** Opening Materials provided block **

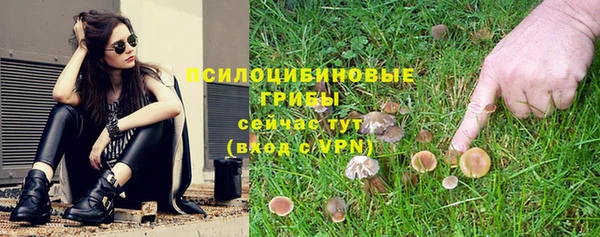 дурь Алексин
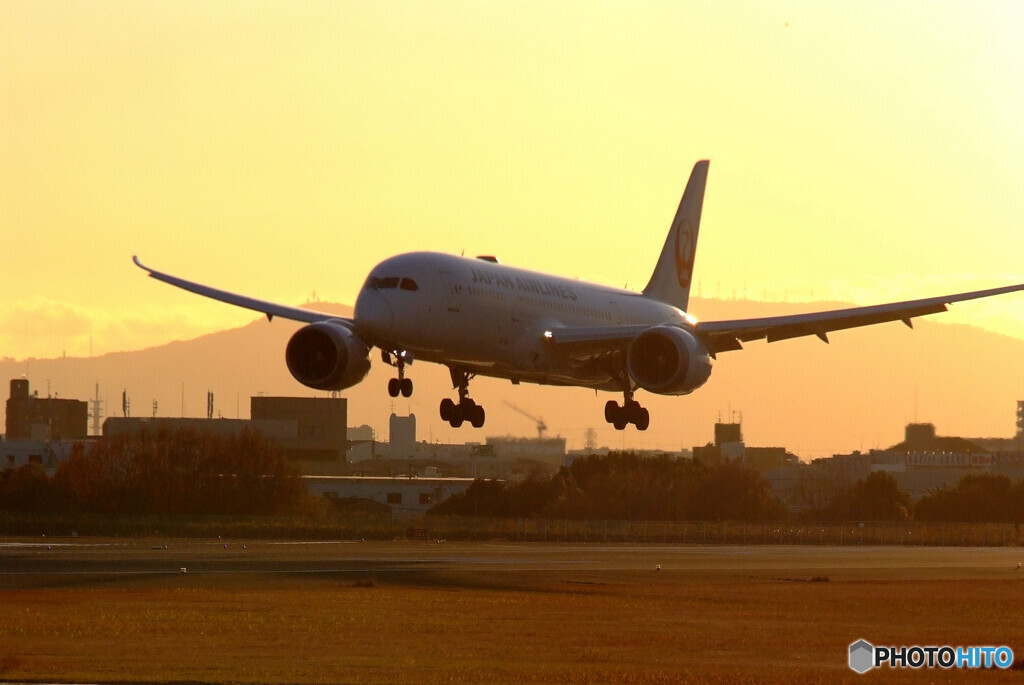 俺の朝焼け✈JAL Boeing787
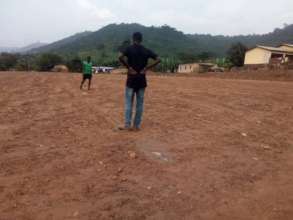Field after leveling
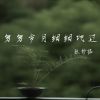 Download track 匆匆岁月细细地过 (伴奏)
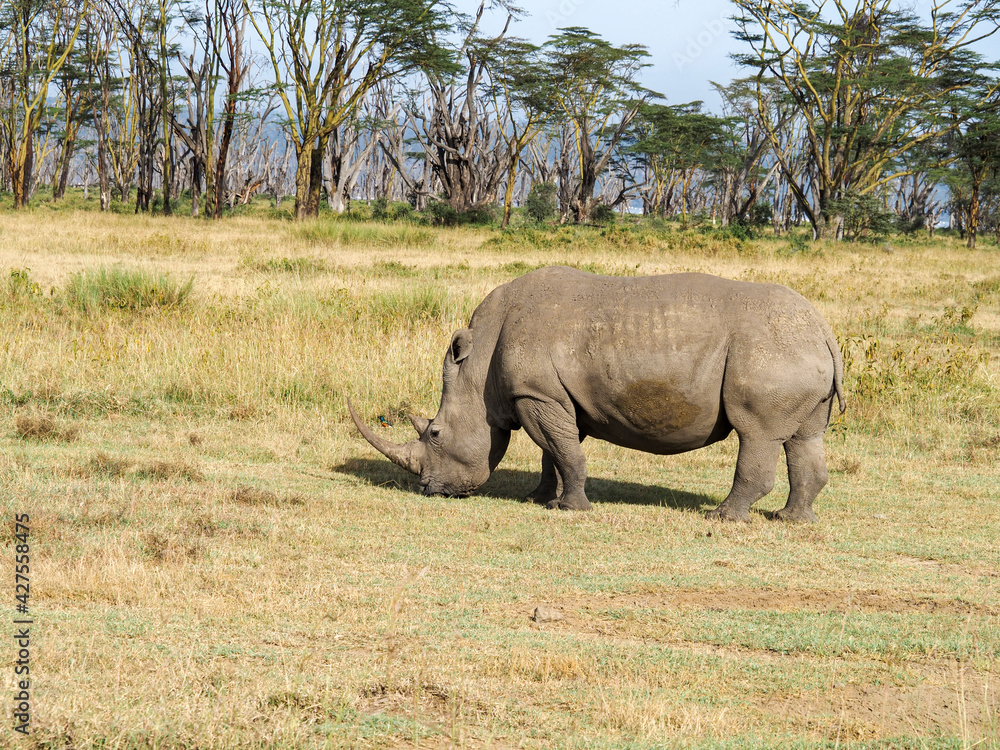 Fototapeta premium White Rhino grazing along Savannah, Lake Nakuru, Kenya, Africa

** Closing Materials provided block **

What the exercise asks: An exact copy of the data above is required, printed without its pictures.

Solution to this task:
 дурь Алексин
 俺の朝焼け✈JAL Boeing787
Field after leveling
 Download track 匆匆岁月细细地过 (伴奏)
 Fototapeta premium White Rhino grazing along Savannah, Lake Nakuru, Kenya, Africa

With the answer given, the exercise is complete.